Complexity (time and space)

Cost is dominated by sampling: one image is (number of steps) times (one forward pass), so DDPM at 1000 steps is roughly 20 to 50 times more expensive than DDIM at 20 to 50, and consistency models push toward a single step. Training cost scales with network and dataset like any deep model, but each step is cheap because the target, the added noise, is free. Latent diffusion cuts both by working on arrays about eightfold smaller per side, roughly a 64-fold reduction in elements per step.

Worked example

The forward closed form scales the signal by $\sqrt{\bar\alpha_t}$ and the noise by its complement. As $t$ grows the signal fades to almost nothing, which is the near-pure-noise state sampling starts from:

import numpy as np
T = 1000
betas = np.linspace(1e-4, 0.02, T)
alpha_bar = np.cumprod(1 - betas)

for t in [0, 50, 200, 600, 999]:
    print(f"t={t:4d}  signal={np.sqrt(alpha_bar[t]):.3f}  noise={np.sqrt(1-alpha_bar[t]):.3f}")

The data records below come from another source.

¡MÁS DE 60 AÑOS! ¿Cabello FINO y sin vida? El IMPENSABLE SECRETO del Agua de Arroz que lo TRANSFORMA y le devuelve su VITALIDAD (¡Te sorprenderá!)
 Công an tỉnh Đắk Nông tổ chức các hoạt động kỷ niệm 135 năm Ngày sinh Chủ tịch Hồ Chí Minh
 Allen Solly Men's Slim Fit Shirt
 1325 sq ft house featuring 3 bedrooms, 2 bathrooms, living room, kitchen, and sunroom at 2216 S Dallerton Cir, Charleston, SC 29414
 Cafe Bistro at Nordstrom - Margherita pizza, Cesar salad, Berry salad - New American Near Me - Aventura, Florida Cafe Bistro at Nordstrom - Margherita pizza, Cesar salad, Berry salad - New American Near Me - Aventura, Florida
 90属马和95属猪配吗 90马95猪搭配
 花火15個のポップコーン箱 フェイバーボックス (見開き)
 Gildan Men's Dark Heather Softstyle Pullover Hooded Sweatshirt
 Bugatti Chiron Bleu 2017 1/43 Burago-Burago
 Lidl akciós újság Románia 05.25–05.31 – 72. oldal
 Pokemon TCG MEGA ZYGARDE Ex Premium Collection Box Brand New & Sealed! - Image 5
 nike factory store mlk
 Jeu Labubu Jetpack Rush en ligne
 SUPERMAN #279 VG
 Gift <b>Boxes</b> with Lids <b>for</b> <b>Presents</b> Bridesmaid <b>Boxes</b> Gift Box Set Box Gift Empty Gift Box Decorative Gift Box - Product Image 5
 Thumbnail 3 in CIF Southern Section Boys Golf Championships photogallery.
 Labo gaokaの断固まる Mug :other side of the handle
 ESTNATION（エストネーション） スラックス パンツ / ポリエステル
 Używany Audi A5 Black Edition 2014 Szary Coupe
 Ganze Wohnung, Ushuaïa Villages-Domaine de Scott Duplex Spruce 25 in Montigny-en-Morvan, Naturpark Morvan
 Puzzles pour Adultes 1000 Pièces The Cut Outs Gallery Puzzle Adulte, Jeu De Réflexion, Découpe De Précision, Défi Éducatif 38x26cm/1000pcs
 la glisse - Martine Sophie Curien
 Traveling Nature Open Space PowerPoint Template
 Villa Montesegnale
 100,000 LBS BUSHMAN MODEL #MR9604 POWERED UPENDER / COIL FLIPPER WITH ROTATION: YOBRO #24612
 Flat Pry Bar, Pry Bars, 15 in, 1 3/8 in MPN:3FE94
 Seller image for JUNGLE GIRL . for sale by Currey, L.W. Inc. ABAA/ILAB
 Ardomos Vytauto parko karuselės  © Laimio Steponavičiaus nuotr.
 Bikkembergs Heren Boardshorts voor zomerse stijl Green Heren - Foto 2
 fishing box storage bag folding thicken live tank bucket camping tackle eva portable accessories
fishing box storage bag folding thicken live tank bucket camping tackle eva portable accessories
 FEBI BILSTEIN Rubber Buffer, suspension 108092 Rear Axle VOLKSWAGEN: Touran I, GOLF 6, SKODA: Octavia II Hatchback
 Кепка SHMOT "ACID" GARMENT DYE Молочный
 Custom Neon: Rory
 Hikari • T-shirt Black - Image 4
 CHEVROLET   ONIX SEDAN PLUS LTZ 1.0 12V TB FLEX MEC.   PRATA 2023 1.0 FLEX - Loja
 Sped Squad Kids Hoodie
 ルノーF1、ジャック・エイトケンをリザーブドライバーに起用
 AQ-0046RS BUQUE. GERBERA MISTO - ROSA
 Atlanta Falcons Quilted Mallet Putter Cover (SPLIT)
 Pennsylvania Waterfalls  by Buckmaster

# t=   0  signal=1.000  noise=0.010
# t=  50  signal=0.985  noise=0.173
# t= 200  signal=0.810  noise=0.586
# t= 600  signal=0.160  noise=0.987
# t= 999  signal=0.006  noise=1.000

Follow-up questions

Why predict the noise instead of the image? The noise target has roughly unit variance at every timestep, so the loss is well-scaled across the schedule, unlike predicting $x_0$, which is trivial at low noise and hopeless at high noise.
How does the closed-form forward step help training? It lets you corrupt an image to any timestep in one operation, so you never simulate the full chain to make a training example.
What is the link to score matching? Predicting the noise is, up to a scale, estimating $\nabla_x \log q(x_t)$, which the SDE formulation makes exact.
DDPM vs DDIM, and why fewer steps? DDPM is a stochastic chain; DDIM is the deterministic probability-flow ODE, which can be integrated with larger steps, and each step is a costly forward pass.
What does classifier-free guidance trade off? Extrapolating between conditioned and unconditioned predictions ($s > 1$) strengthens prompt adherence at the cost of sample diversity.
Why latent diffusion? Diffusing in a compressed latent instead of pixels cuts per-step cost by a large factor, making high-resolution generation affordable.

References

Ho et al., Denoising Diffusion Probabilistic Models (DDPM, 2020).
Song et al., Denoising Diffusion Implicit Models (DDIM, 2021).
Song et al., Score-Based Generative Modeling through SDEs (2021).
Nichol & Dhariwal, Improved Denoising Diffusion Probabilistic Models (2021).
Dhariwal & Nichol, Diffusion Models Beat GANs (classifier guidance, 2021).
Ho & Salimans, Classifier-Free Diffusion Guidance (2022).
Rombach et al., High-Resolution Image Synthesis with Latent Diffusion Models (2022).
Saharia et al., Imagen (2022).
Karras et al., Elucidating the Design Space of Diffusion Models (EDM, 2022).
Peebles & Xie, Scalable Diffusion Models with Transformers (DiT, 2023).
Song et al., Consistency Models (2023).
Esser et al., Scaling Rectified Flow Transformers (Stable Diffusion 3, 2024).